• WHAT NEEDS TO BE DONE
From the first line to the last, restate the material word for word; pictures stay out.

• COLLECTED MATERIAL

_ _ _

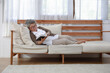 © kamonrat - Senior woman reading a book alone on sofa in a retirement home.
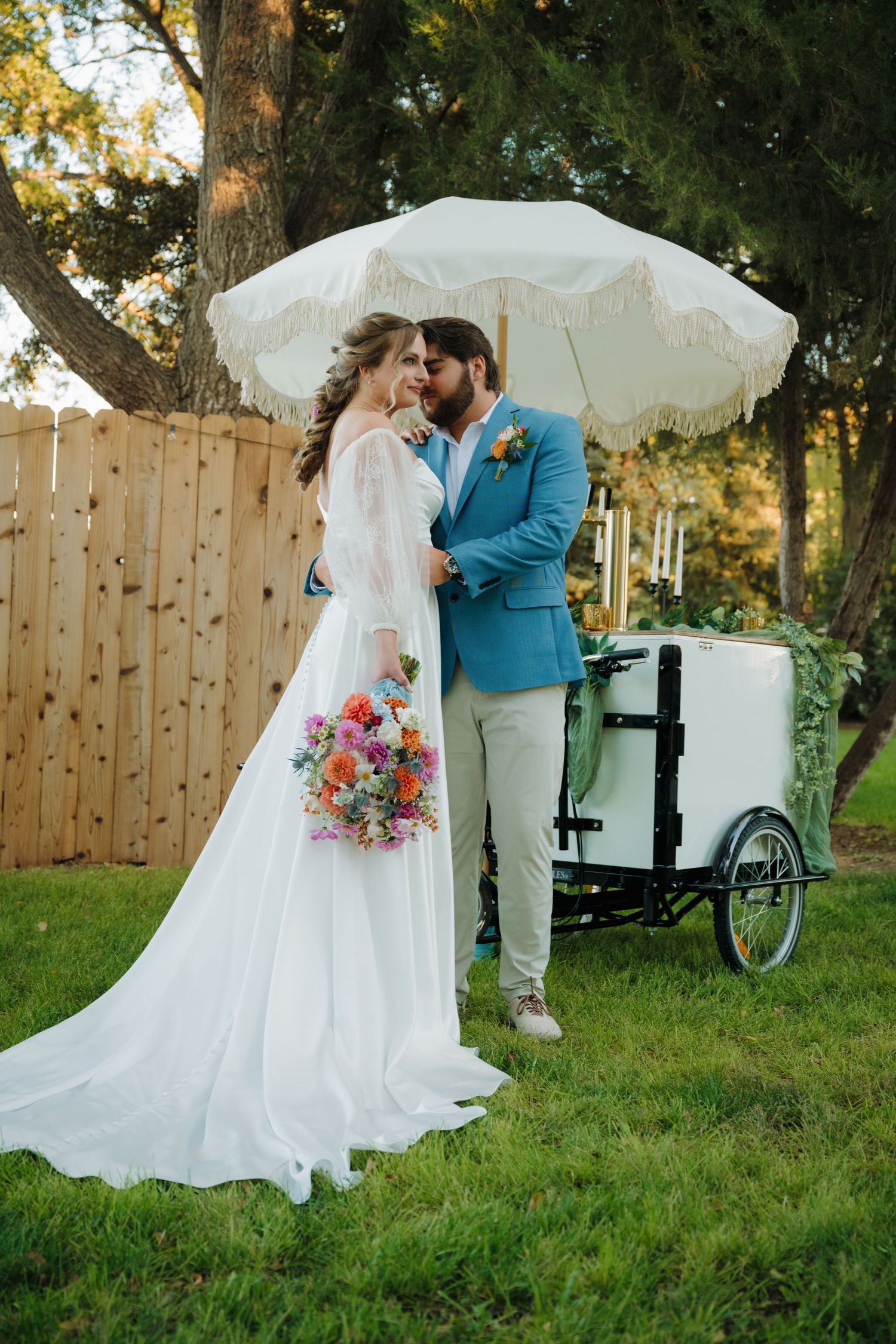 A couple shares a romantic moment under a white parasol with a vintage cart in the background.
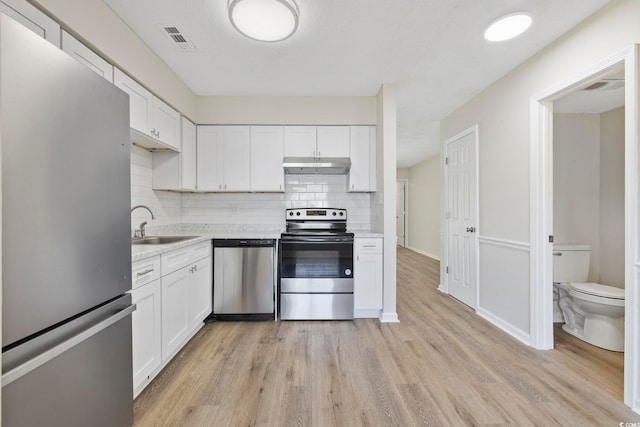 kitchen with appliances with stainless steel finishes, visible vents, under cabinet range hood, and white cabinetry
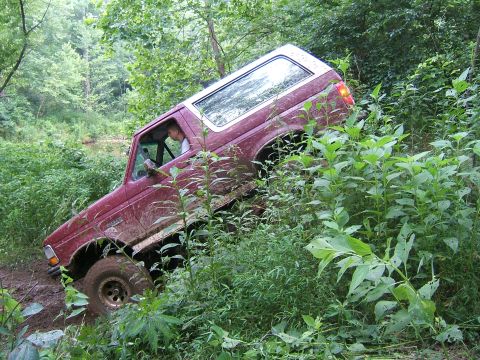 1993 Ford Bronco - A red 1993 Ford Bronco is shown navigating a steep, muddy off-road trail surrounded by dense foliage.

_ _ _

• ANSWER TO THE PROBLEM
 © kamonrat - Senior woman reading a book alone on sofa in a retirement home.
 A couple shares a romantic moment under a white parasol with a vintage cart in the background.
 kitchen with appliances with stainless steel finishes, visible vents, under cabinet range hood, and white cabinetry
 1993 Ford Bronco - A red 1993 Ford Bronco is shown navigating a steep, muddy off-road trail surrounded by dense foliage.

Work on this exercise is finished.